= Data records =
+-------+

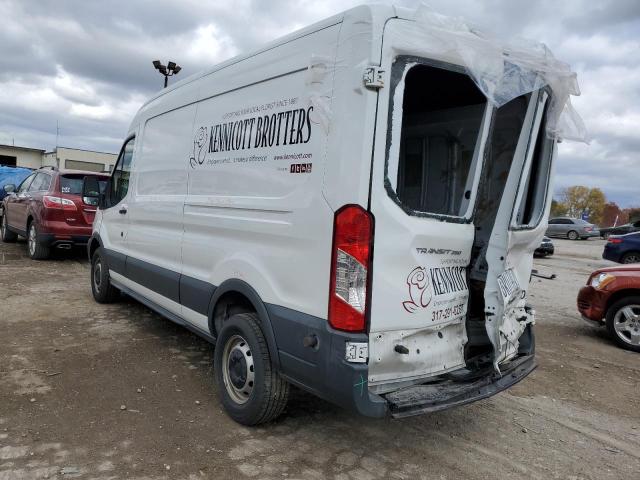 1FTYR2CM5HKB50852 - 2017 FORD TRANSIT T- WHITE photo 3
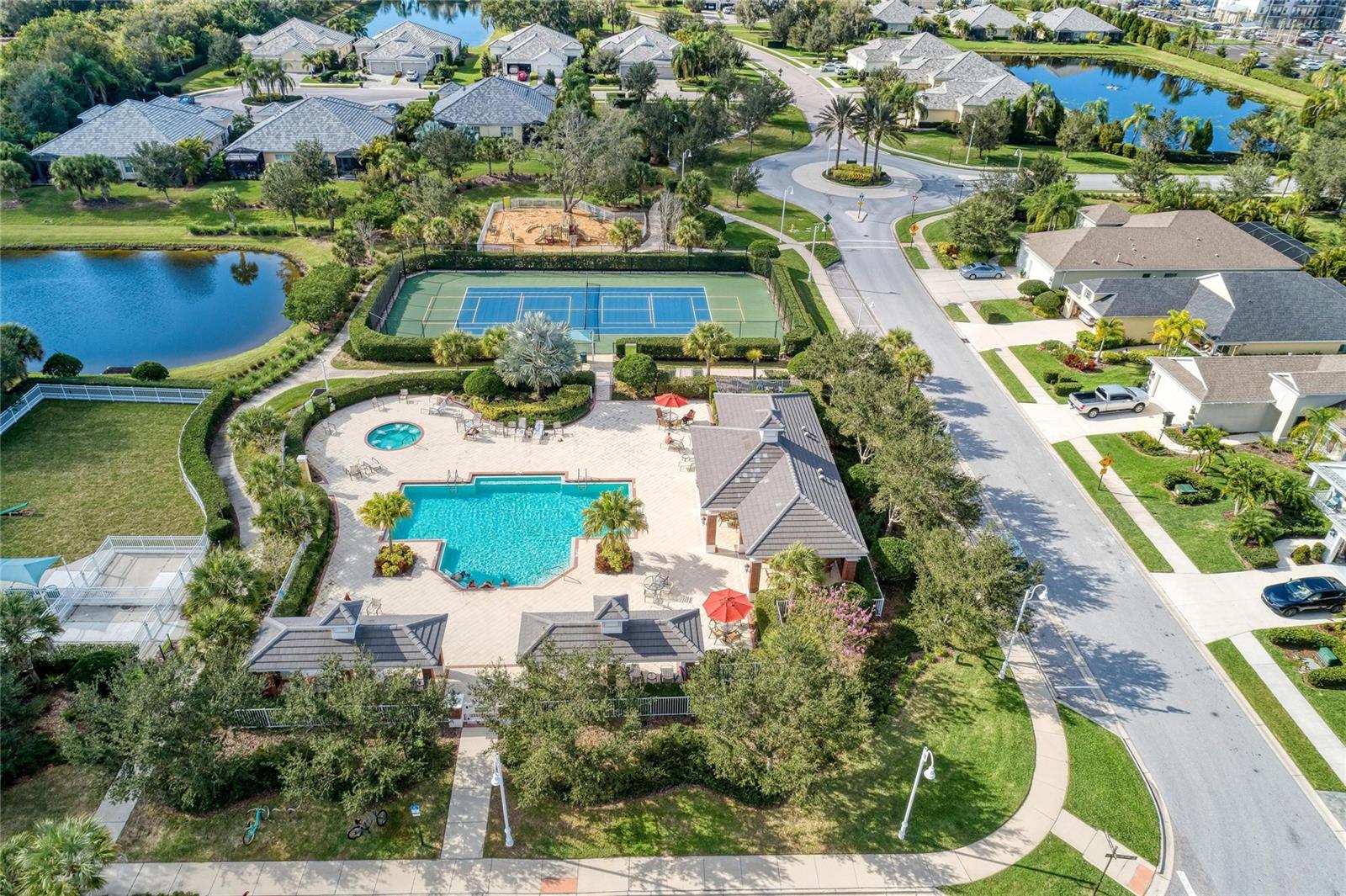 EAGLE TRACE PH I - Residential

+-------+

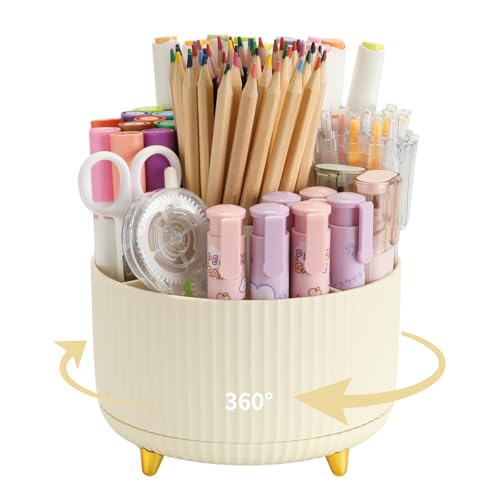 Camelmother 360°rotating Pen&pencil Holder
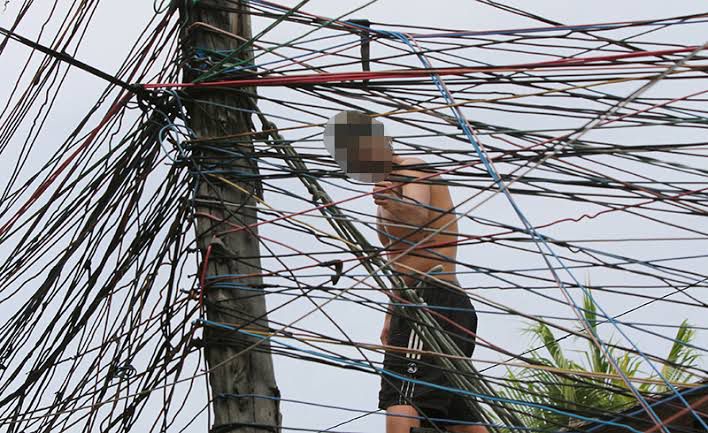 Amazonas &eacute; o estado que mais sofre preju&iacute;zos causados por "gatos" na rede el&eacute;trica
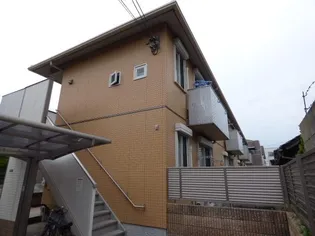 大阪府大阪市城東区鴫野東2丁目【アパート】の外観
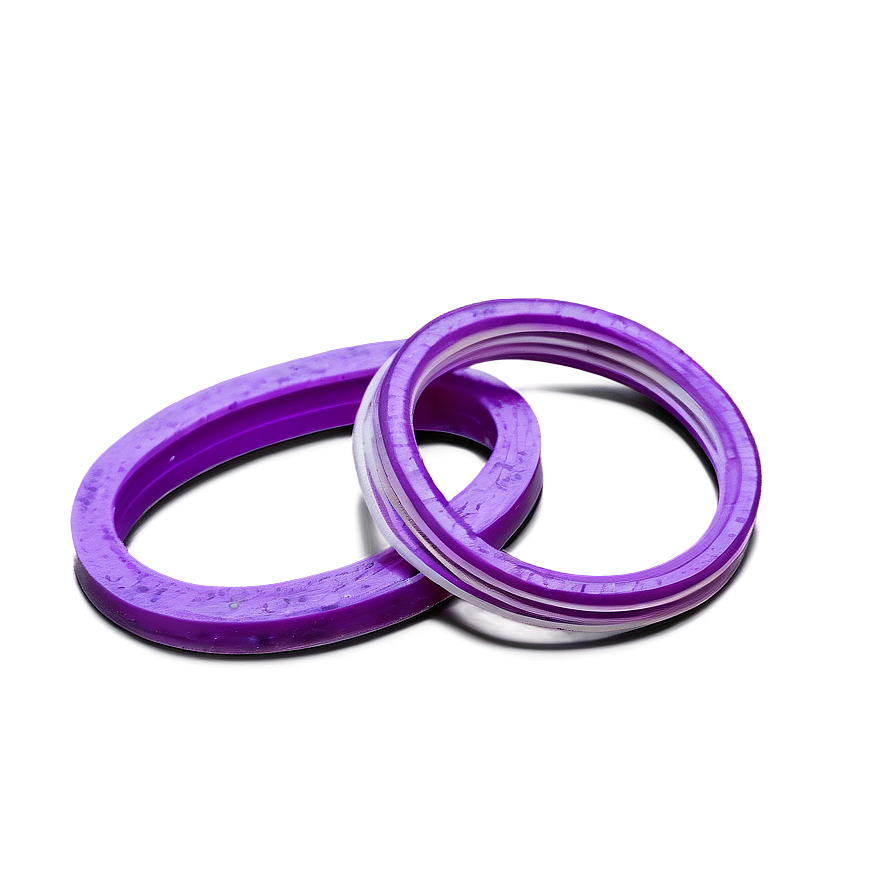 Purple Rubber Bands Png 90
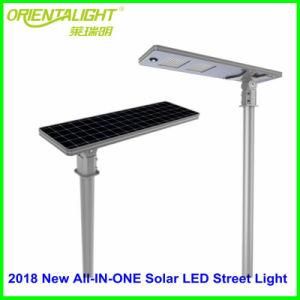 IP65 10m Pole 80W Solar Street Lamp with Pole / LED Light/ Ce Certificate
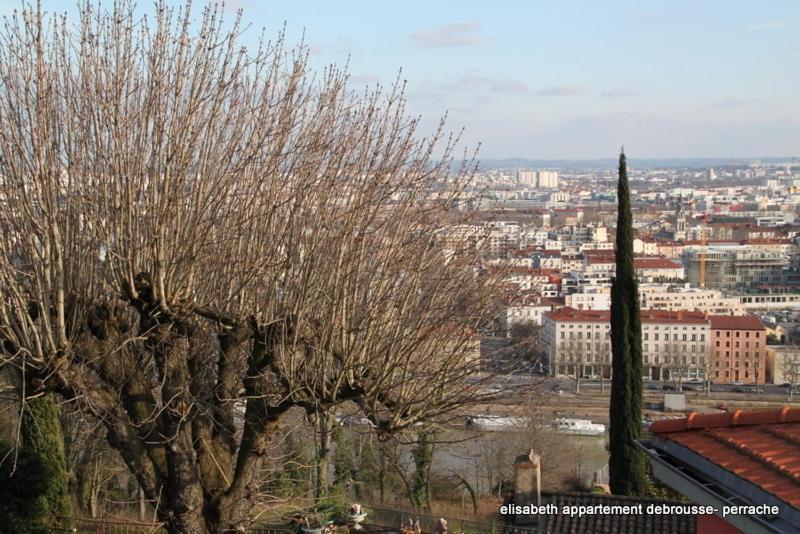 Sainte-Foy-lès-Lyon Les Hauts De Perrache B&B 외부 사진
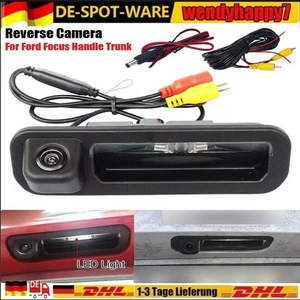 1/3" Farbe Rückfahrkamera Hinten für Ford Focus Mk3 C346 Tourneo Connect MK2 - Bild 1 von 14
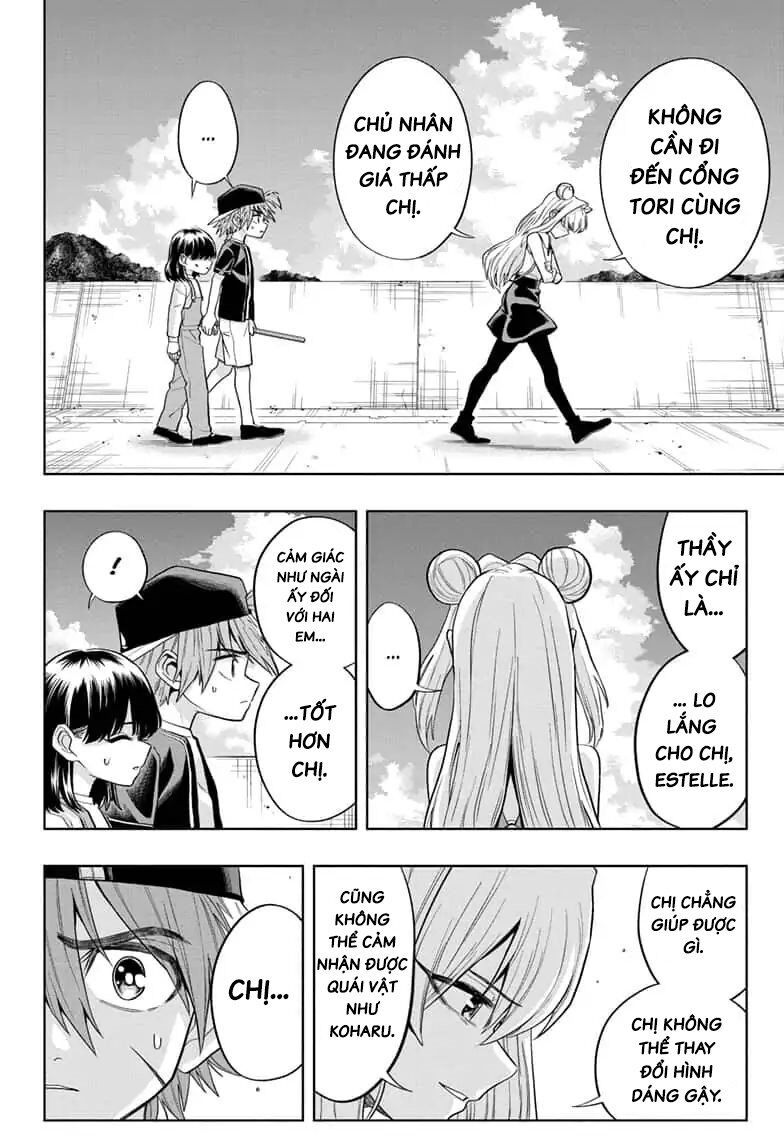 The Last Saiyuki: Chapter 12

+-------+

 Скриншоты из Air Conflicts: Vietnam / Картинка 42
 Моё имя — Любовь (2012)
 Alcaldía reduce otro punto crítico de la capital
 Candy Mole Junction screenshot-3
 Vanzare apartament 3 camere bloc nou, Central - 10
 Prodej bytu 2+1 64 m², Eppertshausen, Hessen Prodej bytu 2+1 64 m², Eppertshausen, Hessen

+-------+

Copy out the lines above from the line containing "Camelmother 360°rotating Pen&pencil Holder" through the line containing "The Last Saiyuki: Chapter 12", exactly, and keep the pictures out.

 Camelmother 360°rotating Pen&pencil Holder
 Amazonas &eacute; o estado que mais sofre preju&iacute;zos causados por "gatos" na rede el&eacute;trica
 大阪府大阪市城東区鴫野東2丁目【アパート】の外観
 Purple Rubber Bands Png 90
 IP65 10m Pole 80W Solar Street Lamp with Pole / LED Light/ Ce Certificate
 Sainte-Foy-lès-Lyon Les Hauts De Perrache B&B 외부 사진
 1/3" Farbe Rückfahrkamera Hinten für Ford Focus Mk3 C346 Tourneo Connect MK2 - Bild 1 von 14
 The Last Saiyuki: Chapter 12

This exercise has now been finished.